**YOUR GOAL:** Please copy, exactly and with no pictures, only the lines from the one containing "점차감소한뒤 1960 년대이후증가경향을보인다" through the last line of the records.

━━ DATA PROVIDED

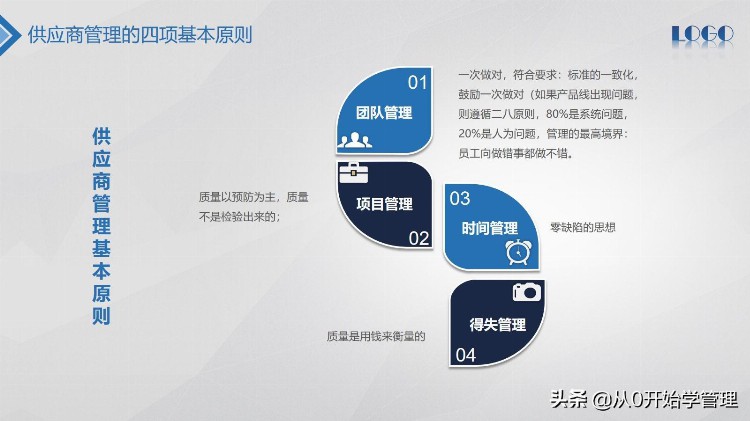 你还不会质量管理吗？全面质量管理培训PPT  (完整版）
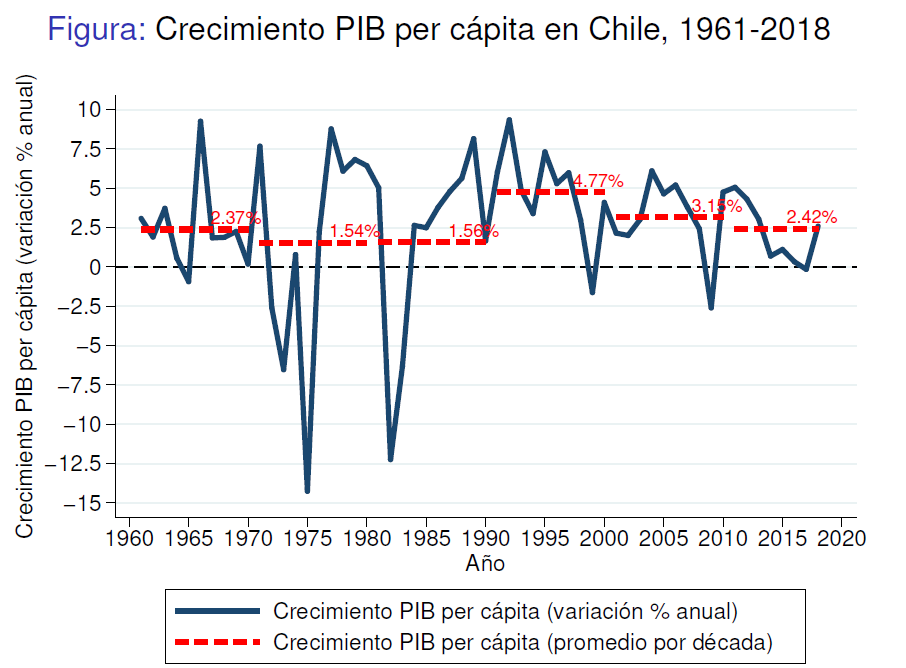 Cómo recuperar el crecimiento económico en Chile Percepciones Económicas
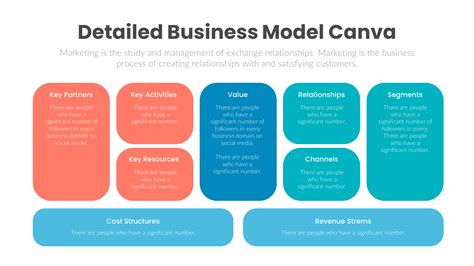 Download Detailed Business Model Canva Brain Powerpoint Infographic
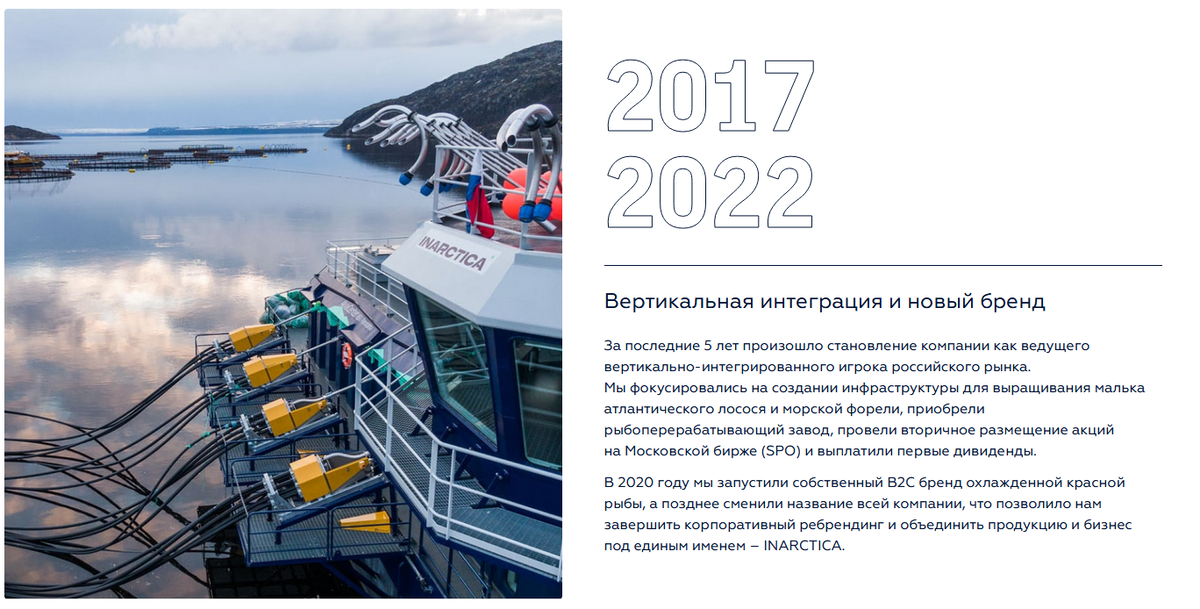 Источник https://inarctica.com/company/history/?ysclid=li8y3ravj6104372907
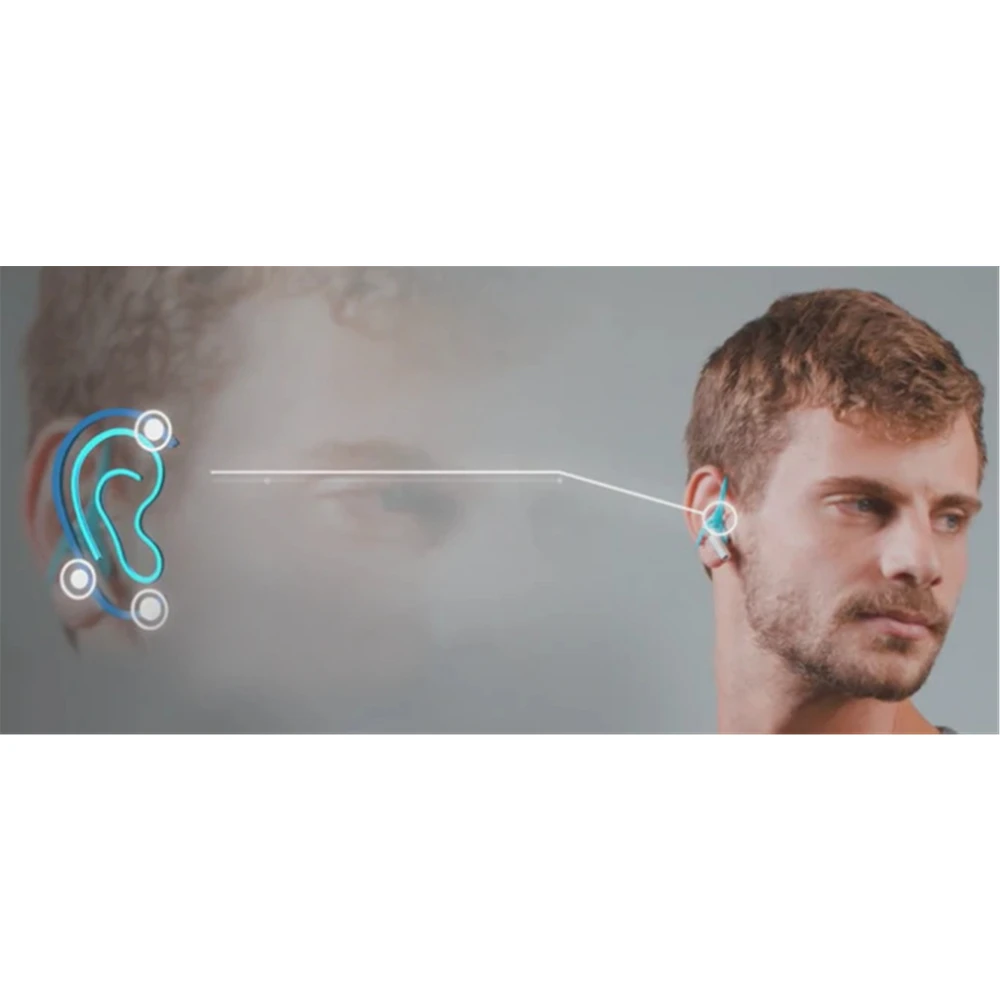 1 Para Dla Ki strąki Earplug Protector Silikonowe Słuchawki Anti Falling Off Ear Clip Utrzymuje Słuchawki W Bezpieczeństwa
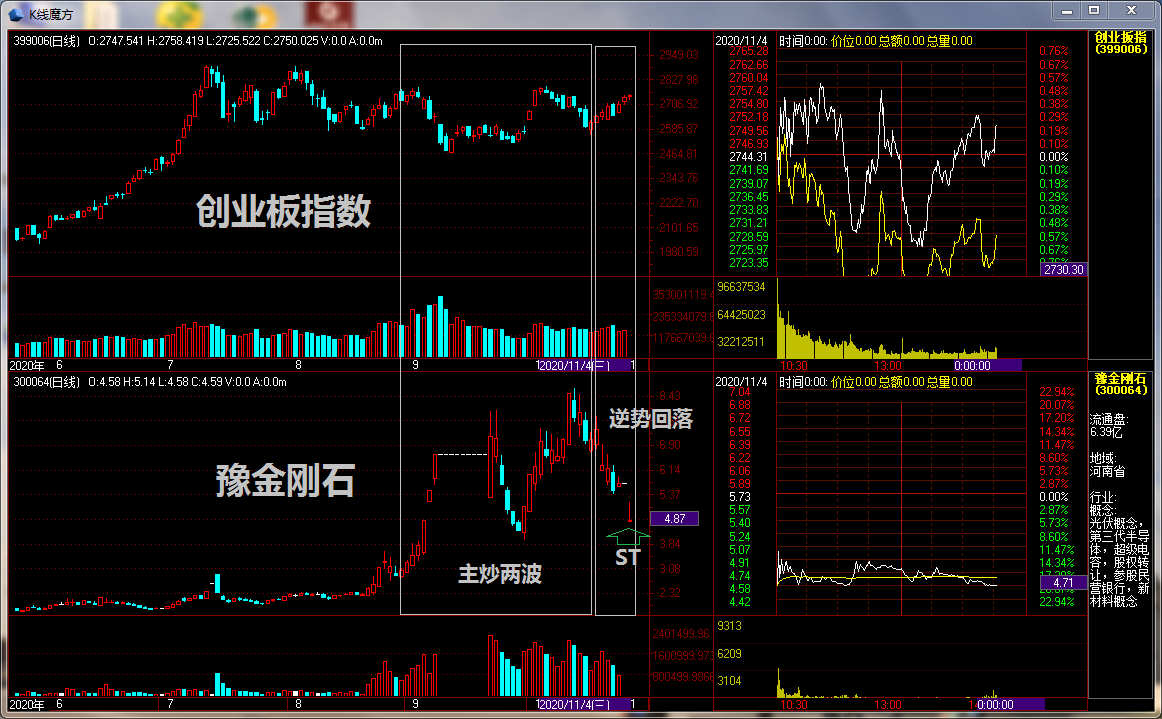 太明显了吧！今天豫金刚石被ST，真把散户当傻瓜？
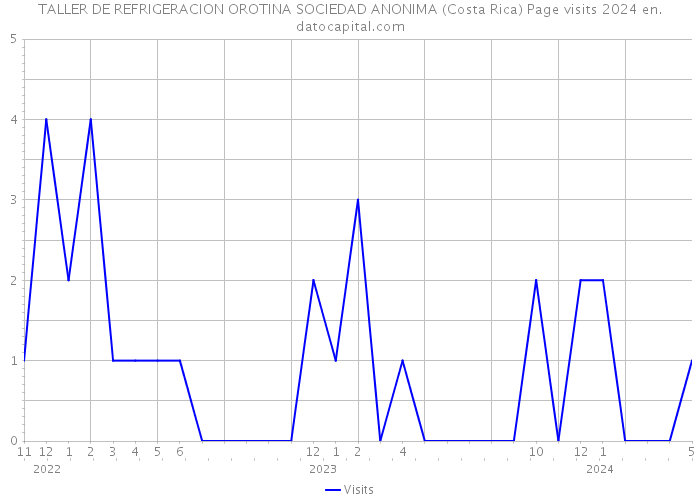 TALLER DE REFRIGERACION OROTINA SOCIEDAD ANONIMA (Costa Rica) Page visits 2024 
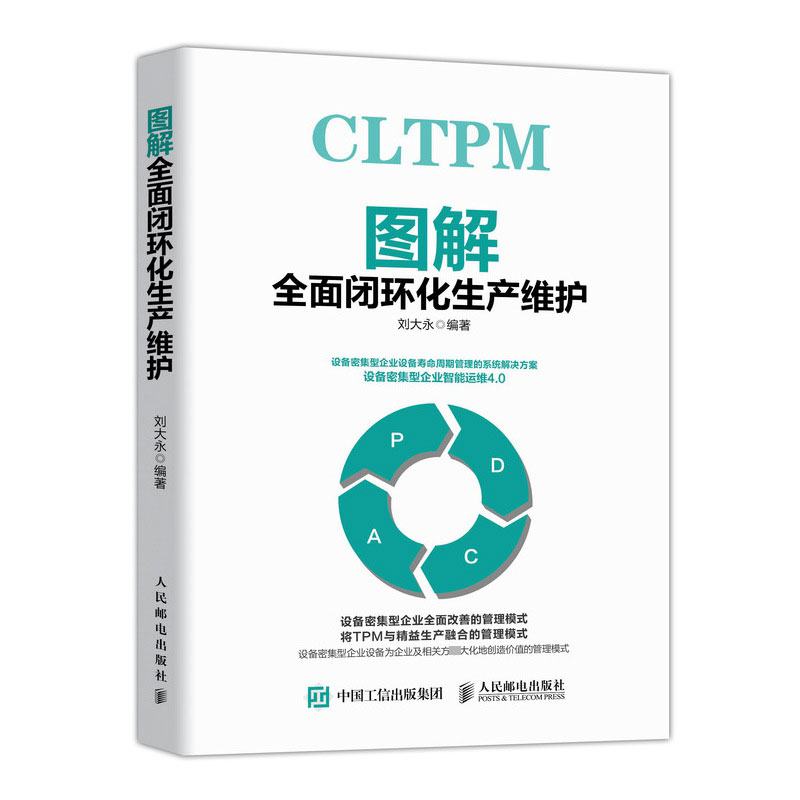 图解全面闭环化生产维护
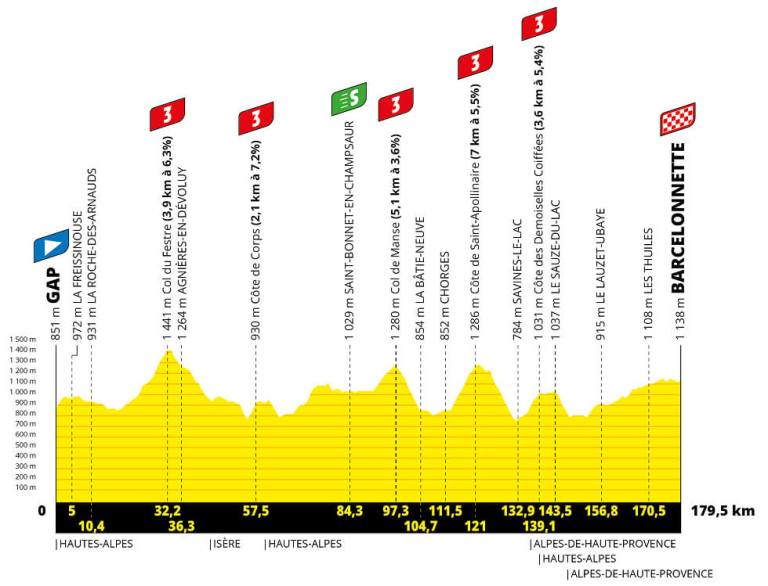 Los ciclistas viajarán a través de las estribaciones de los Alpes y cruzarán varios picos más pequeños en preparación para los tres días cruciales que siguen.
Dado que es casi seguro que los corredores de la general están dispuestos a ahorrar energía para las batallas más importantes que se avecinan, esta etapa parece perfectamente preparada para que brillen los especialistas en escapadas.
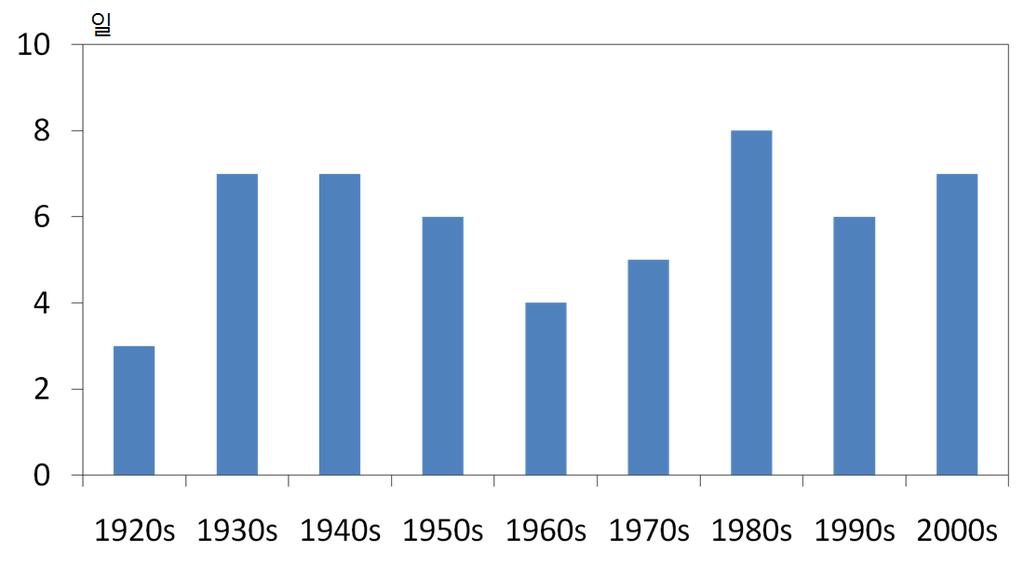 점차감소한뒤 1960 년대이후증가경향을보인다 ( 그림 5.11). 1961~2009 년동안서귀포의 150 mm 이상호우일수는처음 10 년기간 (1961~1970 년 ) 에총 2 일, 마지막 10 년기간 (2000~2009 년 ) 에총 6 일로 4 일증가하였다. 그림 5.11 제주의 15 0 mm 이상호우일수의변화 (19 24 2009 년 ) 5.1.3 바람공기가이동한경로의길이와이동에소요된시간과의비로정의되는풍속은같은장소에서도지면으로부터의높이, 지면부근의건물이나수목등에따라그값이크게달라질수있는기상요소이다.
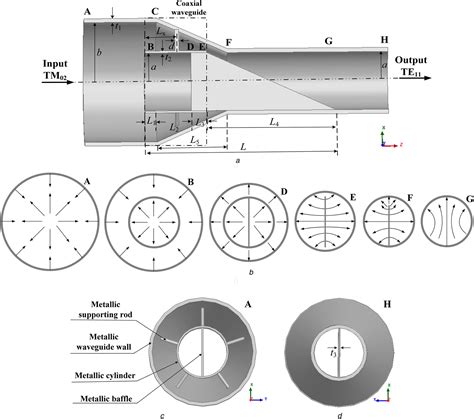 Compact Circular Waveguide Tm Te Mode Converter Zhang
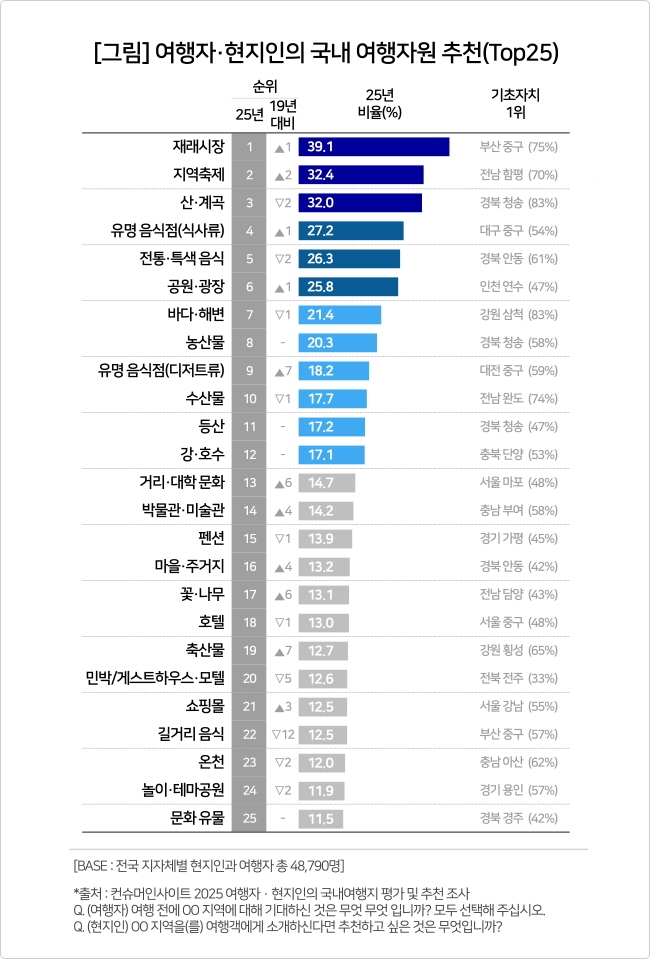 “요즘 여행은 시장부터 찍고 간다”
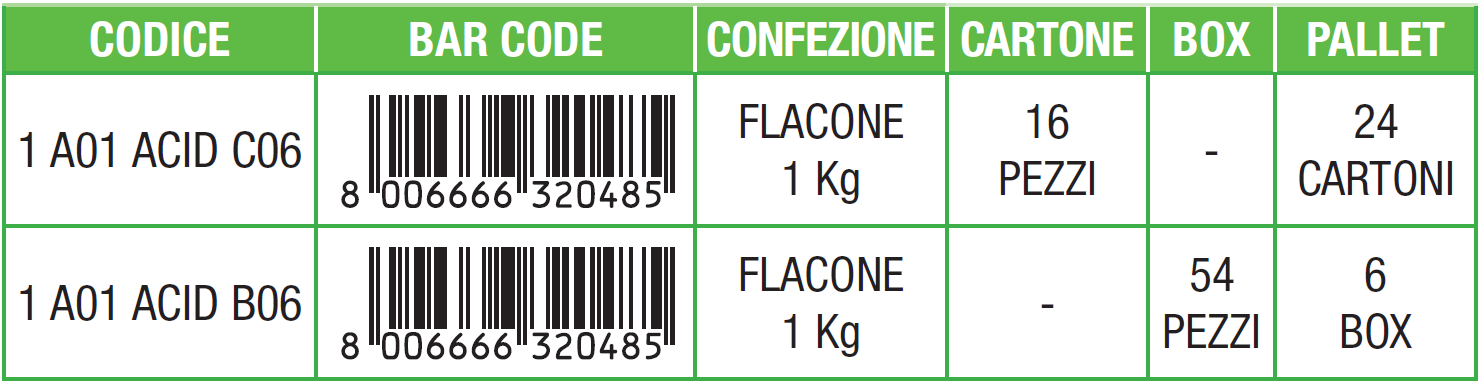 acidofile-liquido_tab.jpg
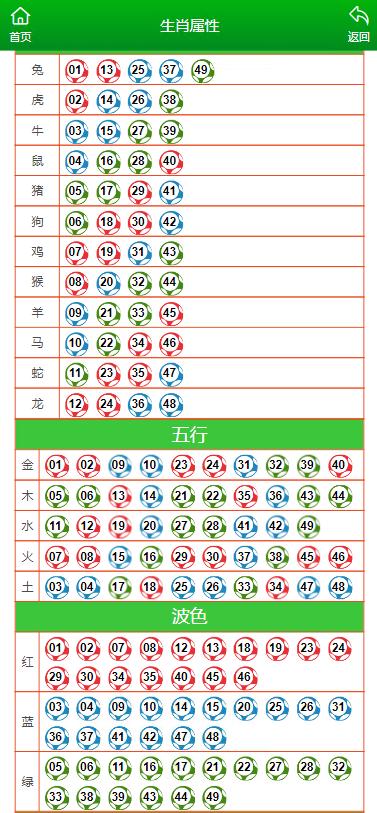 澳门码今天的资料,澳门码今天的资料详解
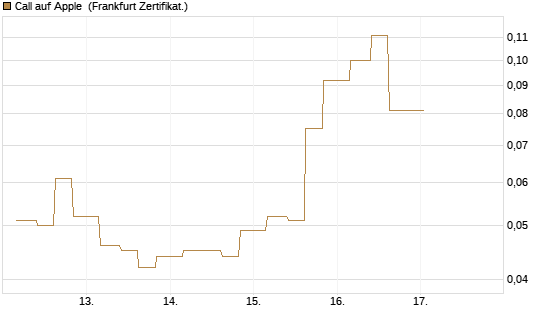 Call auf Apple [Vontobel] Chart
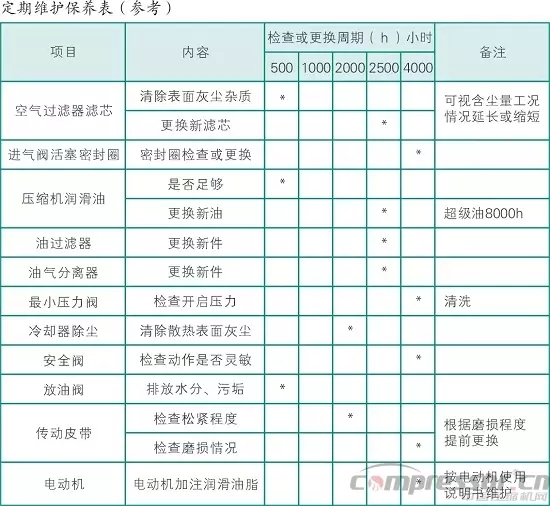 空壓機(jī)每個(gè)周期的保養(yǎng)內(nèi)容都有哪些？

━━━━

**RESPONSE AREA:**
 점차감소한뒤 1960 년대이후증가경향을보인다 ( 그림 5.11). 1961~2009 년동안서귀포의 150 mm 이상호우일수는처음 10 년기간 (1961~1970 년 ) 에총 2 일, 마지막 10 년기간 (2000~2009 년 ) 에총 6 일로 4 일증가하였다. 그림 5.11 제주의 15 0 mm 이상호우일수의변화 (19 24 2009 년 ) 5.1.3 바람공기가이동한경로의길이와이동에소요된시간과의비로정의되는풍속은같은장소에서도지면으로부터의높이, 지면부근의건물이나수목등에따라그값이크게달라질수있는기상요소이다.
 Compact Circular Waveguide Tm Te Mode Converter Zhang
 “요즘 여행은 시장부터 찍고 간다”
 acidofile-liquido_tab.jpg
 澳门码今天的资料,澳门码今天的资料详解
 Call auf Apple [Vontobel] Chart
 空壓機(jī)每個(gè)周期的保養(yǎng)內(nèi)容都有哪些？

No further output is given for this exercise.